Знание не сводится к науке и даже вообще к познанию. Познание можно трактовать как совокупность высказываний, указывающих предметы или описывающих их[65] (за исключением всех остальных высказываний), и по отношению к которым можно сказать верны они или ложны. Наука в этом смысле является областью познания. Но даже если наука формулирует денотативные высказывания, то она предполагает два дополнительных условия их приемлемости: первое предметы, к которым они относятся должны быть рекурсивно доступными, и, следовательно, находиться в эксплицитных условиях наблюдения; и второе имеется возможность решать принадлежит или нет каждое из этих высказываний языку который эксперты считают релевантным.[66]

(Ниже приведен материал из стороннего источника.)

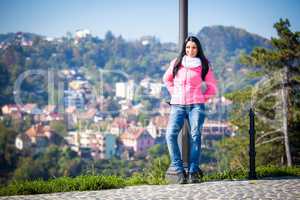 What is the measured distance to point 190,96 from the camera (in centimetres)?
730

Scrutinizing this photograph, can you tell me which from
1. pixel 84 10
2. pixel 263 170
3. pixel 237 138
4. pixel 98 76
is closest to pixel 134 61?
pixel 98 76

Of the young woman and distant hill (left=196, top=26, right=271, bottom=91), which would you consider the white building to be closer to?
distant hill (left=196, top=26, right=271, bottom=91)

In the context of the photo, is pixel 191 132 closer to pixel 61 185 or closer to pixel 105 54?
pixel 61 185

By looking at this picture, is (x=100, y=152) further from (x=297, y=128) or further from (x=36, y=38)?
(x=297, y=128)

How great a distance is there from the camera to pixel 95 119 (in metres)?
87.0

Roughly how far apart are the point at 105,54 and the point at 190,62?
10990 cm

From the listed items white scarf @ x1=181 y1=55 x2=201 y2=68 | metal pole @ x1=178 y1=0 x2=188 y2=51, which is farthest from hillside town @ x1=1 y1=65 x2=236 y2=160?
white scarf @ x1=181 y1=55 x2=201 y2=68

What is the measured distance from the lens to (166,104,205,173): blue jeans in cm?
725

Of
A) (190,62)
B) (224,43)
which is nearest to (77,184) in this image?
(190,62)

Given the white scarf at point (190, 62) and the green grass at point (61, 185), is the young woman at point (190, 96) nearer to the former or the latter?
the white scarf at point (190, 62)

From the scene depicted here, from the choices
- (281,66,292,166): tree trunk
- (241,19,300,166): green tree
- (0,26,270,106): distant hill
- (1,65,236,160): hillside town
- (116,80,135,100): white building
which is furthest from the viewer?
(116,80,135,100): white building

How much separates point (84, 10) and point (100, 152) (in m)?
81.0

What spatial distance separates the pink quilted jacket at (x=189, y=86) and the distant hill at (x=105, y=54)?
55.8 meters

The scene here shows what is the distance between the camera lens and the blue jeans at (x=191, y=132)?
23.8 feet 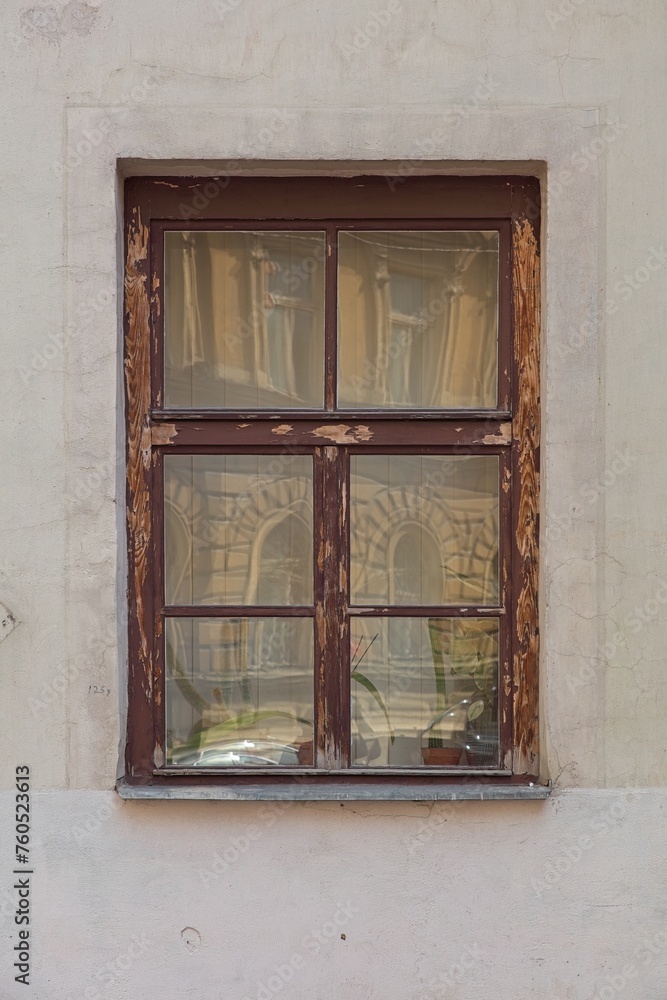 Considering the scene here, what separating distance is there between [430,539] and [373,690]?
547 millimetres

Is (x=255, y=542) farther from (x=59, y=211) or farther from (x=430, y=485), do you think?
(x=59, y=211)

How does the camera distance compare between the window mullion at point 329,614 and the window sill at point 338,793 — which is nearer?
the window sill at point 338,793

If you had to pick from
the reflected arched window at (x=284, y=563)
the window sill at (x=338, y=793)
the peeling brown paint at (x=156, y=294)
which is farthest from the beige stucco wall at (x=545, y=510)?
the reflected arched window at (x=284, y=563)

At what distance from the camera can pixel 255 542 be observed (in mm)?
3354

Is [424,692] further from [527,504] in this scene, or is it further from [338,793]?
[527,504]

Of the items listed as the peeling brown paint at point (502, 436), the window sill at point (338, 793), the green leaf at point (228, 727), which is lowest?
the window sill at point (338, 793)

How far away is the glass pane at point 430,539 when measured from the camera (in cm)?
333

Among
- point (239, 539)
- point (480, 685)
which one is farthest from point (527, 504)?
point (239, 539)

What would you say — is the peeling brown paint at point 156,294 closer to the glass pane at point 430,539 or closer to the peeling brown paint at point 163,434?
the peeling brown paint at point 163,434

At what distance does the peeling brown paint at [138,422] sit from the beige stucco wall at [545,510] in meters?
0.12

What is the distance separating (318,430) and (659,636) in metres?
1.30

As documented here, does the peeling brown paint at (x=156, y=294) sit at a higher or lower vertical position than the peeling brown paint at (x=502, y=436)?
higher

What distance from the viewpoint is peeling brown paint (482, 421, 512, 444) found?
3.30 m

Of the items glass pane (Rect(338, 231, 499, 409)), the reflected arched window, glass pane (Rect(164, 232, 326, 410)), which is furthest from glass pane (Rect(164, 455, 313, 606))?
glass pane (Rect(338, 231, 499, 409)) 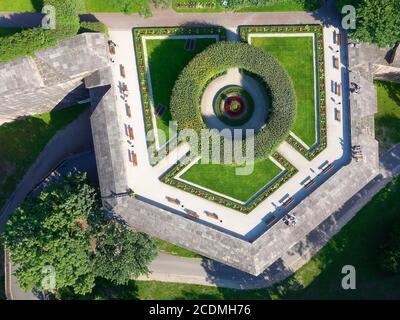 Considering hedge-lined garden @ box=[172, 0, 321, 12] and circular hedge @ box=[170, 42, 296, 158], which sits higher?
hedge-lined garden @ box=[172, 0, 321, 12]

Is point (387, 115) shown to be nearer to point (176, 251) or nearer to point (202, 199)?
point (202, 199)

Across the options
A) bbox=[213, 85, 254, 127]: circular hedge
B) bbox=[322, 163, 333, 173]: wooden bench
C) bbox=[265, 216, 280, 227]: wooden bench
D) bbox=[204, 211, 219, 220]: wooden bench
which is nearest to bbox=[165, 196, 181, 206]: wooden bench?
bbox=[204, 211, 219, 220]: wooden bench

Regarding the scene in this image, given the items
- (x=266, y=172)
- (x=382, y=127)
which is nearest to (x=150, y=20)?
(x=266, y=172)

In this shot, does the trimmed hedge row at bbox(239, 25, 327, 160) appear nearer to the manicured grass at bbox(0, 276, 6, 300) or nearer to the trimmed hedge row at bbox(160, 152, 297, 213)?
the trimmed hedge row at bbox(160, 152, 297, 213)

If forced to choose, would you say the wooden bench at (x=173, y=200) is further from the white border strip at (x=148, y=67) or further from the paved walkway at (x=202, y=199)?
the white border strip at (x=148, y=67)

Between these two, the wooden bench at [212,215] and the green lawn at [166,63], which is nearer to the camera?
the wooden bench at [212,215]

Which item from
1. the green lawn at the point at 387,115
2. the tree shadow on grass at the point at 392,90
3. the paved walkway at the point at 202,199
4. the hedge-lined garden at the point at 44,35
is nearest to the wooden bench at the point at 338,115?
the paved walkway at the point at 202,199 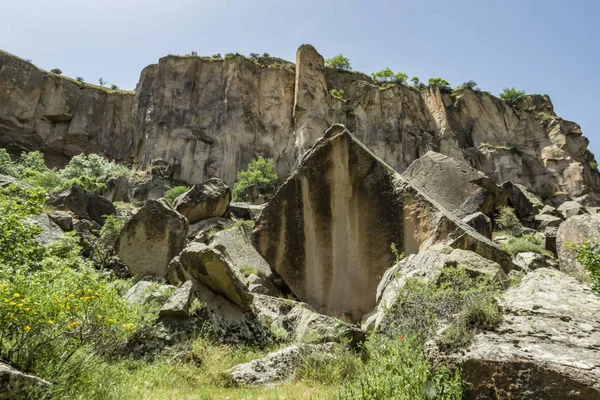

Между тем, под термином «знание» понимается не только совокупность денотативных высказываний (хотя конечно и она); сюда примешиваются и представления о самых разных умениях: делать, жить, слушать и т. п. Речь, следовательно, идет о компетенции, которая выходит за рамки определения и применения истины как единственного критерия, но помимо этого оценивается по критериям деловым (техническая квалификация), справедливости и/или добра (нравственная мудрость), красоты звучания, окраски (аудио и визуальная чувствительность) и т. д. Понимаемое таким образом знание есть то, что делает кого-либо способным произносить «хорошие» денотативные высказывания, а также «хорошие» прескриптивные или оценочные высказывания… Оно не сводится к компетентности, направленной на какой-то один вид высказываний, скажем, когнитивных, и исключении других. Напротив, оно дает возможность получать «хорошие» достижения по многим предметам дискурса, которые нужно познать, решить, оценить, изменить… Отсюда вытекает одна из главнейших черт знания: оно совпадает с широким «образованием» компетенции, оно есть единая форма, воплощенная в субъекте, состоящем из различных видов компетенции, которые его формируют.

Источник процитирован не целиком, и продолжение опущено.